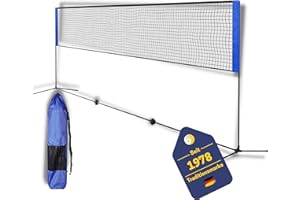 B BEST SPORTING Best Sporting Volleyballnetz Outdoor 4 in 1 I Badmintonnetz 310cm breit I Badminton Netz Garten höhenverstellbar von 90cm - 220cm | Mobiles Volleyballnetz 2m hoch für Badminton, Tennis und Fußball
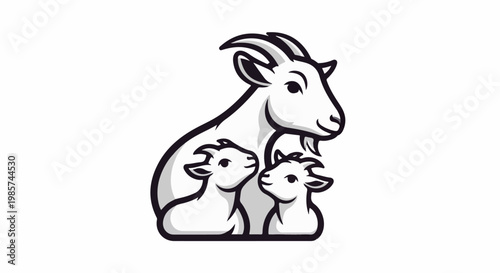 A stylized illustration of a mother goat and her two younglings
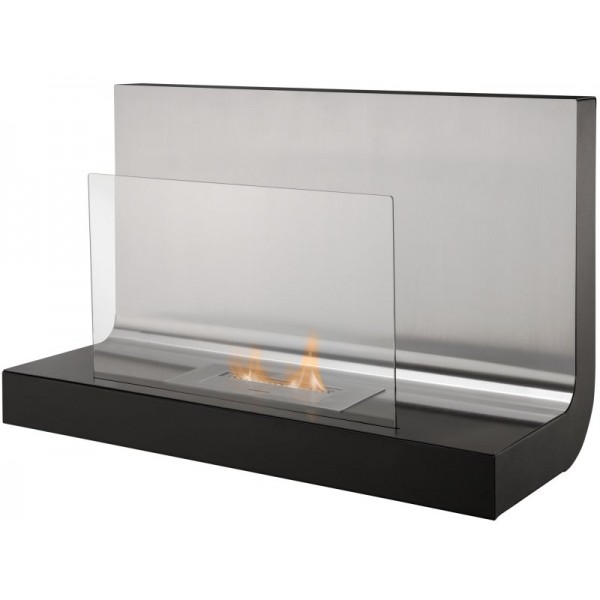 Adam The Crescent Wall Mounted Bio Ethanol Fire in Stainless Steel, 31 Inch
- - -
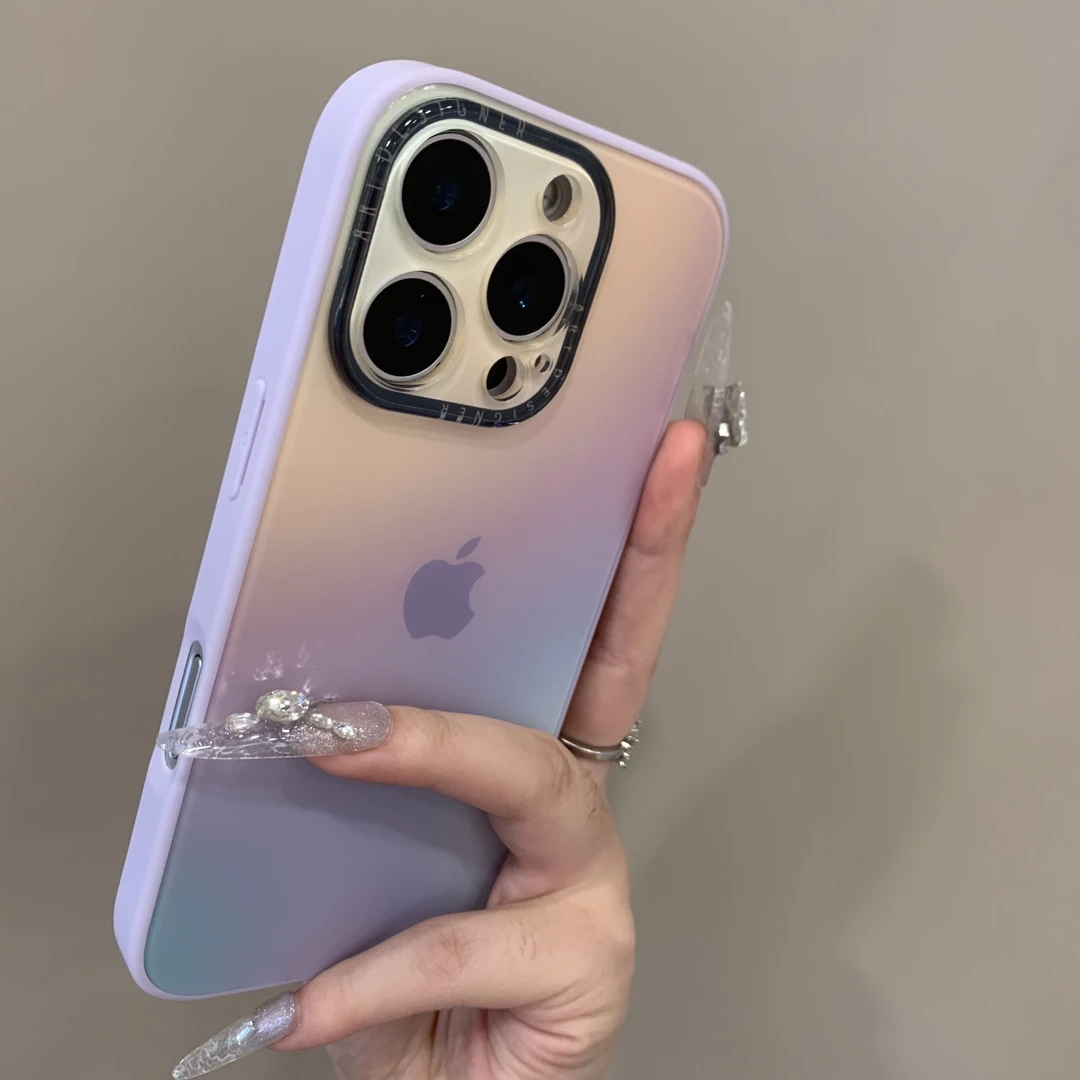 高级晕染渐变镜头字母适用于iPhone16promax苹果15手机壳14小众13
- - -
**PROBLEM:** Above are the records; please give again, exactly and in full, only the lines that run from the line with "B BEST SPORTING" through the line with "A stylized illustration", with no pictures.

**ANSWER TO THIS EXERCISE:**
 B BEST SPORTING Best Sporting Volleyballnetz Outdoor 4 in 1 I Badmintonnetz 310cm breit I Badminton Netz Garten höhenverstellbar von 90cm - 220cm | Mobiles Volleyballnetz 2m hoch für Badminton, Tennis und Fußball
 A stylized illustration of a mother goat and her two younglings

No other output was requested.